- Opening Delimiter -

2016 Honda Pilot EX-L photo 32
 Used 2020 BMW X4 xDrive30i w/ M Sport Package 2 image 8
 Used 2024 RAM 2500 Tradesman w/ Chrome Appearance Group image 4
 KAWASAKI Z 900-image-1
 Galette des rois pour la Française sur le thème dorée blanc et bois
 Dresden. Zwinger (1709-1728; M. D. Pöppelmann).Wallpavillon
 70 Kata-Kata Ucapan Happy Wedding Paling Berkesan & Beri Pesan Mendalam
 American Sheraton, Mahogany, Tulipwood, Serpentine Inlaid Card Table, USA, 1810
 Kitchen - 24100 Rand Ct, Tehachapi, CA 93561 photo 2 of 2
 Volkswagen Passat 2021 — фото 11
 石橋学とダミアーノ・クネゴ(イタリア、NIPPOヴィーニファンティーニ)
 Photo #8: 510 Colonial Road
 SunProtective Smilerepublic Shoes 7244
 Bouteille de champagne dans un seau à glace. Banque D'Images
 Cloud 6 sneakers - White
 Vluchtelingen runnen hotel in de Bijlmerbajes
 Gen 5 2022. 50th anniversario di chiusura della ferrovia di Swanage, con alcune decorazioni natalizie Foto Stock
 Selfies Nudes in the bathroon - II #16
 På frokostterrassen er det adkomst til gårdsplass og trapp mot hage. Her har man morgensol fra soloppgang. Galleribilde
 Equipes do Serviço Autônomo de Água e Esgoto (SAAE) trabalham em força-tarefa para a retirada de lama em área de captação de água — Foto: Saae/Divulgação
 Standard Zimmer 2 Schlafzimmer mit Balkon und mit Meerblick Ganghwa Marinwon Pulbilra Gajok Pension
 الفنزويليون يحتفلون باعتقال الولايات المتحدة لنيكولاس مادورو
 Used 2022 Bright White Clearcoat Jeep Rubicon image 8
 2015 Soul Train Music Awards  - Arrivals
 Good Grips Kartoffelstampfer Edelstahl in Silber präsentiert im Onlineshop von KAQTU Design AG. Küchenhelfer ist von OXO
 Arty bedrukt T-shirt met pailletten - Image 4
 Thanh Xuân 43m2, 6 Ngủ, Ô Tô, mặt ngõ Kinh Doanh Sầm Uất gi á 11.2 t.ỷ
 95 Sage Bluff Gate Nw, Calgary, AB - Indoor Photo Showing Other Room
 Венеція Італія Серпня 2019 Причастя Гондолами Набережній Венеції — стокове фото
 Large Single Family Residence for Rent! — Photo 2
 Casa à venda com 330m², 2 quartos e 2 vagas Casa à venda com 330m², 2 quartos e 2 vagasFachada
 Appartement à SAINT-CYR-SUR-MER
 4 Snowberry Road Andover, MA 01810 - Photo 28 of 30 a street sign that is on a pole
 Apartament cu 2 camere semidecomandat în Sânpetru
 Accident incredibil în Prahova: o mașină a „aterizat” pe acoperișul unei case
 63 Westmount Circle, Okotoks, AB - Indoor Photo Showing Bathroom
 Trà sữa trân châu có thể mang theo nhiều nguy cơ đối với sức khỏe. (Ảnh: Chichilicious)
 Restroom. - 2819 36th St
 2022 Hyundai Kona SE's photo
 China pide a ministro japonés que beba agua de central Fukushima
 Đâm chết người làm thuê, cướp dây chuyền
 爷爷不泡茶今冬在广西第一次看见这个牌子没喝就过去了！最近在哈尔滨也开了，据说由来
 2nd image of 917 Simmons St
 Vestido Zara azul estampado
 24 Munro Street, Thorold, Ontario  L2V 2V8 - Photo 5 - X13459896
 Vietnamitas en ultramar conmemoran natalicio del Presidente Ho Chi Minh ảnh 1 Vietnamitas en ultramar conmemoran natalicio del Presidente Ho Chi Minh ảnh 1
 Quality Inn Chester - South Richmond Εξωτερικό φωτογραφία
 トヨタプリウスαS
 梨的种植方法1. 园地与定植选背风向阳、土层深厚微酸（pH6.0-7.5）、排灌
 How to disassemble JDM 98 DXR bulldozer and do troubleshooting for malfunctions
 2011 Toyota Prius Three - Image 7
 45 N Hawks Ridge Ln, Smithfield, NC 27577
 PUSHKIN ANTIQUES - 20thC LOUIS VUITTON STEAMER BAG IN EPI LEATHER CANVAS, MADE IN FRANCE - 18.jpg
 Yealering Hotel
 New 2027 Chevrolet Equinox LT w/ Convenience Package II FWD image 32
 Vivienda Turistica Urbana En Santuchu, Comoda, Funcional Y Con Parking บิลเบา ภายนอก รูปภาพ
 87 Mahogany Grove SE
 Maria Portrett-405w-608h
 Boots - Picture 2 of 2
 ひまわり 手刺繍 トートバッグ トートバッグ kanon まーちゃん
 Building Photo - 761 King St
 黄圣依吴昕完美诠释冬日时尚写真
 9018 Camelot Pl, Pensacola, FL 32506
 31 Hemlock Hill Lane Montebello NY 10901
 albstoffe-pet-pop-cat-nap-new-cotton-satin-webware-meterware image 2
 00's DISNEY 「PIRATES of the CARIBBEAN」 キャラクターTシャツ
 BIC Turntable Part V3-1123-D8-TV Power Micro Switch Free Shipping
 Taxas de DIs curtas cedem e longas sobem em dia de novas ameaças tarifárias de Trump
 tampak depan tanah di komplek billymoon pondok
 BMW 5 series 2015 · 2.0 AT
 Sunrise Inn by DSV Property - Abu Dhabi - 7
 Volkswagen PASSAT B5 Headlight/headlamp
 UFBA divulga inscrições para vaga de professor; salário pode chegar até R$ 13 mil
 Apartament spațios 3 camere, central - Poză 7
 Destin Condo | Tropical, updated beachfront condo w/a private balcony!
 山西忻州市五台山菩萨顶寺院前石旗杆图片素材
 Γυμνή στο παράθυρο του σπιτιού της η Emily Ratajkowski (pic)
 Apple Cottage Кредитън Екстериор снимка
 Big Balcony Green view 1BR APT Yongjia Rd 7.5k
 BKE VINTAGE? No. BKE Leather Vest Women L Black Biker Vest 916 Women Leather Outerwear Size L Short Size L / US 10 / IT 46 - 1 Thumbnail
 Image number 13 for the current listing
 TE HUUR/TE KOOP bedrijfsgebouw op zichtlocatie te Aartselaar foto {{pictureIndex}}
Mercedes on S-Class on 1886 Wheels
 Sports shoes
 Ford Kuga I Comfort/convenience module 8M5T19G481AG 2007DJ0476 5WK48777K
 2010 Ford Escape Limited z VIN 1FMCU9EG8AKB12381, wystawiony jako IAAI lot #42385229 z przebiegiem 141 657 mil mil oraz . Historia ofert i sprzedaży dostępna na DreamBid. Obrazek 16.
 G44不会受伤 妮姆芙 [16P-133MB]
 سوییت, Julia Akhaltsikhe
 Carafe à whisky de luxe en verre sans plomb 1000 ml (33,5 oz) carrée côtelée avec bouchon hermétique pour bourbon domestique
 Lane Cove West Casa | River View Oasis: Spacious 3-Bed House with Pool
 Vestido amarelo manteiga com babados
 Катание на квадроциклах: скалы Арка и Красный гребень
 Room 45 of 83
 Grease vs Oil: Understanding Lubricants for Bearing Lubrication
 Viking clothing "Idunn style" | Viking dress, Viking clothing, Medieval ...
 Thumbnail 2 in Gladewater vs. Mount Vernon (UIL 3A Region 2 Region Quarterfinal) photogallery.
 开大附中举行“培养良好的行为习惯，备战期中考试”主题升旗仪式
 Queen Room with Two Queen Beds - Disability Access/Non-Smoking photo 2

- Closing Delimiter -

Task brief:
In full and without alteration, write out the data above.

Task solution:
2016 Honda Pilot EX-L photo 32
 Used 2020 BMW X4 xDrive30i w/ M Sport Package 2 image 8
 Used 2024 RAM 2500 Tradesman w/ Chrome Appearance Group image 4
 KAWASAKI Z 900-image-1
 Galette des rois pour la Française sur le thème dorée blanc et bois
 Dresden. Zwinger (1709-1728; M. D. Pöppelmann).Wallpavillon
 70 Kata-Kata Ucapan Happy Wedding Paling Berkesan & Beri Pesan Mendalam
 American Sheraton, Mahogany, Tulipwood, Serpentine Inlaid Card Table, USA, 1810
 Kitchen - 24100 Rand Ct, Tehachapi, CA 93561 photo 2 of 2
 Volkswagen Passat 2021 — фото 11
 石橋学とダミアーノ・クネゴ(イタリア、NIPPOヴィーニファンティーニ)
 Photo #8: 510 Colonial Road
 SunProtective Smilerepublic Shoes 7244
 Bouteille de champagne dans un seau à glace. Banque D'Images
 Cloud 6 sneakers - White
 Vluchtelingen runnen hotel in de Bijlmerbajes
 Gen 5 2022. 50th anniversario di chiusura della ferrovia di Swanage, con alcune decorazioni natalizie Foto Stock
 Selfies Nudes in the bathroon - II #16
 På frokostterrassen er det adkomst til gårdsplass og trapp mot hage. Her har man morgensol fra soloppgang. Galleribilde
 Equipes do Serviço Autônomo de Água e Esgoto (SAAE) trabalham em força-tarefa para a retirada de lama em área de captação de água — Foto: Saae/Divulgação
 Standard Zimmer 2 Schlafzimmer mit Balkon und mit Meerblick Ganghwa Marinwon Pulbilra Gajok Pension
 الفنزويليون يحتفلون باعتقال الولايات المتحدة لنيكولاس مادورو
 Used 2022 Bright White Clearcoat Jeep Rubicon image 8
 2015 Soul Train Music Awards  - Arrivals
 Good Grips Kartoffelstampfer Edelstahl in Silber präsentiert im Onlineshop von KAQTU Design AG. Küchenhelfer ist von OXO
 Arty bedrukt T-shirt met pailletten - Image 4
 Thanh Xuân 43m2, 6 Ngủ, Ô Tô, mặt ngõ Kinh Doanh Sầm Uất gi á 11.2 t.ỷ
 95 Sage Bluff Gate Nw, Calgary, AB - Indoor Photo Showing Other Room
 Венеція Італія Серпня 2019 Причастя Гондолами Набережній Венеції — стокове фото
 Large Single Family Residence for Rent! — Photo 2
 Casa à venda com 330m², 2 quartos e 2 vagas Casa à venda com 330m², 2 quartos e 2 vagasFachada
 Appartement à SAINT-CYR-SUR-MER
 4 Snowberry Road Andover, MA 01810 - Photo 28 of 30 a street sign that is on a pole
 Apartament cu 2 camere semidecomandat în Sânpetru
 Accident incredibil în Prahova: o mașină a „aterizat” pe acoperișul unei case
 63 Westmount Circle, Okotoks, AB - Indoor Photo Showing Bathroom
 Trà sữa trân châu có thể mang theo nhiều nguy cơ đối với sức khỏe. (Ảnh: Chichilicious)
 Restroom. - 2819 36th St
 2022 Hyundai Kona SE's photo
 China pide a ministro japonés que beba agua de central Fukushima
 Đâm chết người làm thuê, cướp dây chuyền
 爷爷不泡茶今冬在广西第一次看见这个牌子没喝就过去了！最近在哈尔滨也开了，据说由来
 2nd image of 917 Simmons St
 Vestido Zara azul estampado
 24 Munro Street, Thorold, Ontario  L2V 2V8 - Photo 5 - X13459896
 Vietnamitas en ultramar conmemoran natalicio del Presidente Ho Chi Minh ảnh 1 Vietnamitas en ultramar conmemoran natalicio del Presidente Ho Chi Minh ảnh 1
 Quality Inn Chester - South Richmond Εξωτερικό φωτογραφία
 トヨタプリウスαS
 梨的种植方法1. 园地与定植选背风向阳、土层深厚微酸（pH6.0-7.5）、排灌
 How to disassemble JDM 98 DXR bulldozer and do troubleshooting for malfunctions
 2011 Toyota Prius Three - Image 7
 45 N Hawks Ridge Ln, Smithfield, NC 27577
 PUSHKIN ANTIQUES - 20thC LOUIS VUITTON STEAMER BAG IN EPI LEATHER CANVAS, MADE IN FRANCE - 18.jpg
 Yealering Hotel
 New 2027 Chevrolet Equinox LT w/ Convenience Package II FWD image 32
 Vivienda Turistica Urbana En Santuchu, Comoda, Funcional Y Con Parking บิลเบา ภายนอก รูปภาพ
 87 Mahogany Grove SE
 Maria Portrett-405w-608h
 Boots - Picture 2 of 2
 ひまわり 手刺繍 トートバッグ トートバッグ kanon まーちゃん
 Building Photo - 761 King St
 黄圣依吴昕完美诠释冬日时尚写真
 9018 Camelot Pl, Pensacola, FL 32506
 31 Hemlock Hill Lane Montebello NY 10901
 albstoffe-pet-pop-cat-nap-new-cotton-satin-webware-meterware image 2
 00's DISNEY 「PIRATES of the CARIBBEAN」 キャラクターTシャツ
 BIC Turntable Part V3-1123-D8-TV Power Micro Switch Free Shipping
 Taxas de DIs curtas cedem e longas sobem em dia de novas ameaças tarifárias de Trump
 tampak depan tanah di komplek billymoon pondok
 BMW 5 series 2015 · 2.0 AT
 Sunrise Inn by DSV Property - Abu Dhabi - 7
 Volkswagen PASSAT B5 Headlight/headlamp
 UFBA divulga inscrições para vaga de professor; salário pode chegar até R$ 13 mil
 Apartament spațios 3 camere, central - Poză 7
 Destin Condo | Tropical, updated beachfront condo w/a private balcony!
 山西忻州市五台山菩萨顶寺院前石旗杆图片素材
 Γυμνή στο παράθυρο του σπιτιού της η Emily Ratajkowski (pic)
 Apple Cottage Кредитън Екстериор снимка
 Big Balcony Green view 1BR APT Yongjia Rd 7.5k
 BKE VINTAGE? No. BKE Leather Vest Women L Black Biker Vest 916 Women Leather Outerwear Size L Short Size L / US 10 / IT 46 - 1 Thumbnail
 Image number 13 for the current listing
 TE HUUR/TE KOOP bedrijfsgebouw op zichtlocatie te Aartselaar foto {{pictureIndex}}
Mercedes on S-Class on 1886 Wheels
 Sports shoes
 Ford Kuga I Comfort/convenience module 8M5T19G481AG 2007DJ0476 5WK48777K
 2010 Ford Escape Limited z VIN 1FMCU9EG8AKB12381, wystawiony jako IAAI lot #42385229 z przebiegiem 141 657 mil mil oraz . Historia ofert i sprzedaży dostępna na DreamBid. Obrazek 16.
 G44不会受伤 妮姆芙 [16P-133MB]
 سوییت, Julia Akhaltsikhe
 Carafe à whisky de luxe en verre sans plomb 1000 ml (33,5 oz) carrée côtelée avec bouchon hermétique pour bourbon domestique
 Lane Cove West Casa | River View Oasis: Spacious 3-Bed House with Pool
 Vestido amarelo manteiga com babados
 Катание на квадроциклах: скалы Арка и Красный гребень
 Room 45 of 83
 Grease vs Oil: Understanding Lubricants for Bearing Lubrication
 Viking clothing "Idunn style" | Viking dress, Viking clothing, Medieval ...
 Thumbnail 2 in Gladewater vs. Mount Vernon (UIL 3A Region 2 Region Quarterfinal) photogallery.
 开大附中举行“培养良好的行为习惯，备战期中考试”主题升旗仪式
 Queen Room with Two Queen Beds - Disability Access/Non-Smoking photo 2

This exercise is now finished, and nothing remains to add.